40% of the United States does not believe the scientific consensus about
anthropogenic global warming. Two out of every five people do not actually
believe there is a problem to be solved! _Start there!_

Most of the behaviors that need to be changed will come as a significant
disadvantage to any individual who undertakes the change unilaterally. You're
going to have a hard time competing in the job market if you're one of a very
few who won't drive. You won't be out of a job if everyone is in it together.
Everyone will think you're a weirdo if you're the only person who doesn't heat
their house. Your parents will be very unhappy if you're the only child who
doesn't fly home every year. Your HOA will object if you incinerate your own
trash instead of sending it to a land-fill. So on, and so forth: no man is an
island.

And of course, what's particularly inappropriate is that so many vegans _like_
being contrarians, _prefer_ feeling morally superior to those around them,
etc. Contrarianism and vanity will never motivate the unwashed masses to do
what is necessary. Your virtues are a sand-castle beneath a waterfall.

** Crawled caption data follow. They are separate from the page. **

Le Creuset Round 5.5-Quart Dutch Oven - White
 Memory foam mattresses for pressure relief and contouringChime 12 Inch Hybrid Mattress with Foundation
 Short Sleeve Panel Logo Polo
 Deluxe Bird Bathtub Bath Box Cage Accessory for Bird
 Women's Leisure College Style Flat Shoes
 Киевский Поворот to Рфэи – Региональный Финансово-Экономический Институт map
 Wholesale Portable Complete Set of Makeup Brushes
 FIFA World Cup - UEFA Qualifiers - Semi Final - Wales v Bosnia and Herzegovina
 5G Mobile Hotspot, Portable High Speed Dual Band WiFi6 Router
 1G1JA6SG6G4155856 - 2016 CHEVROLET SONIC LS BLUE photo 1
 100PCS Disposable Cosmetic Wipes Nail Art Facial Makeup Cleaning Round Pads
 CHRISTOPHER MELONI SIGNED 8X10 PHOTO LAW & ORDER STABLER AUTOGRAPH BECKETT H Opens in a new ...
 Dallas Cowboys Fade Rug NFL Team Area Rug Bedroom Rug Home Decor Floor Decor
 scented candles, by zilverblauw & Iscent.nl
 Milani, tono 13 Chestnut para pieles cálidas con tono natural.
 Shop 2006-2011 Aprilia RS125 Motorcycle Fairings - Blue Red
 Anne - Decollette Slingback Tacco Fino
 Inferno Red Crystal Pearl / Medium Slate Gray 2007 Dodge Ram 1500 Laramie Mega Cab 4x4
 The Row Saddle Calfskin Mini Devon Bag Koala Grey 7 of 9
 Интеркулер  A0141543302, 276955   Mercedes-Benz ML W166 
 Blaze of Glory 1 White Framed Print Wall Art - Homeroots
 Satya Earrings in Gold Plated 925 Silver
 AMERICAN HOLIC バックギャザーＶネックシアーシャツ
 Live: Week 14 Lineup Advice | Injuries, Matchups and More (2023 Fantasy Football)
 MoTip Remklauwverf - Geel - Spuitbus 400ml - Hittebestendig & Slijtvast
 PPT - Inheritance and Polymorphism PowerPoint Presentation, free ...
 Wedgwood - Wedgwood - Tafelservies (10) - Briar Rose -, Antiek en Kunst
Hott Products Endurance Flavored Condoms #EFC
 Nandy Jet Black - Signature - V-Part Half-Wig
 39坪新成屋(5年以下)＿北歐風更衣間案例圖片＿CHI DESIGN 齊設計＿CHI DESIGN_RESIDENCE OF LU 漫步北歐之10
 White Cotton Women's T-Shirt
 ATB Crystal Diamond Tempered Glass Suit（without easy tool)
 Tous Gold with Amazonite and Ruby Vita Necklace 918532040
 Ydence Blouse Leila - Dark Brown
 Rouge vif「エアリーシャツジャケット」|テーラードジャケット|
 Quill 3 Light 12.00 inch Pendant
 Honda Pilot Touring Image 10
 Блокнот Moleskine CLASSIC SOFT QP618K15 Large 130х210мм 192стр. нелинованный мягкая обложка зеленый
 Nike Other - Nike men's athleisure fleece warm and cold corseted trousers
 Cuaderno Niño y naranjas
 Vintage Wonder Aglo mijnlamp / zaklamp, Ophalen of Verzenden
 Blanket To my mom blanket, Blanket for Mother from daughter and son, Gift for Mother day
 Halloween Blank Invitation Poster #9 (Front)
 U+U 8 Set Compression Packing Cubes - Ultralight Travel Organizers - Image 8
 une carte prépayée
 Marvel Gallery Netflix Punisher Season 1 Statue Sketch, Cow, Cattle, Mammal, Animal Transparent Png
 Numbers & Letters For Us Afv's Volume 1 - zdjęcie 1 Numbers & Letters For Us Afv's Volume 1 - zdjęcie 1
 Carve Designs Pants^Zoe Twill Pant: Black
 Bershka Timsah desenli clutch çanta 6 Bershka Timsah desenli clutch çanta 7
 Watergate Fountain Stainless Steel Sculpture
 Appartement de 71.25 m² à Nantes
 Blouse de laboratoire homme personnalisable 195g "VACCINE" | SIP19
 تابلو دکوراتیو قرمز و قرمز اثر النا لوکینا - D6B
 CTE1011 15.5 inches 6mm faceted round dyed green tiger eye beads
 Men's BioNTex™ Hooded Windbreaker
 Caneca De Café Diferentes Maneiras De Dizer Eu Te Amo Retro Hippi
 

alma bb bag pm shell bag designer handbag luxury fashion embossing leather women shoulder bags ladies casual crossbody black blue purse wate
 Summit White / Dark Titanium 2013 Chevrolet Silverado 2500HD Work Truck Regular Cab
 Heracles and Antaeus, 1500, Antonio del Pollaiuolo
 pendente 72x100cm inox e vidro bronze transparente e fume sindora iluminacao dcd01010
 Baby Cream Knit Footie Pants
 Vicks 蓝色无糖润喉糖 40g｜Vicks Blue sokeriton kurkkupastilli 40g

>What makes you think this is a lazy and timid group?

Because they're putting the majority of their efforts into things that make
them feel good! Look at you: "I'm not happy just waiting". I'm not interested
in being _happy_ , I'm interested in stopping a catastrophe.

You don't like arguing with conservatives. You like feeling good about what
you eat. Stop doing what you like. It's not about what you like. You probably
really won't like forging a compromise with people who couldn't care less
about animal rights or agricultural land use or nitrosamines, but you will
have to do it anyway. You won't like trying to appeal to their beliefs so you
can make them do what you want, but you have to do it or they won't do what
you want.

Climate activism is a political quest, not a personal one. The bottom line is
that we must _win_. Feeling good is useless.